Begin your copy at the line that contains "Gap Girls Blue" and carry it on, exactly, to the last line of the material below.

--- Dataset section Enclosed Below ---

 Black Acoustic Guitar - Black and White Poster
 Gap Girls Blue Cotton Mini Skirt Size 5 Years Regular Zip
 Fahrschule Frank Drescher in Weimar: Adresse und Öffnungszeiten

--- End of Enclosed Dataset section ---

● **Task solution**:
 Gap Girls Blue Cotton Mini Skirt Size 5 Years Regular Zip
 Fahrschule Frank Drescher in Weimar: Adresse und Öffnungszeiten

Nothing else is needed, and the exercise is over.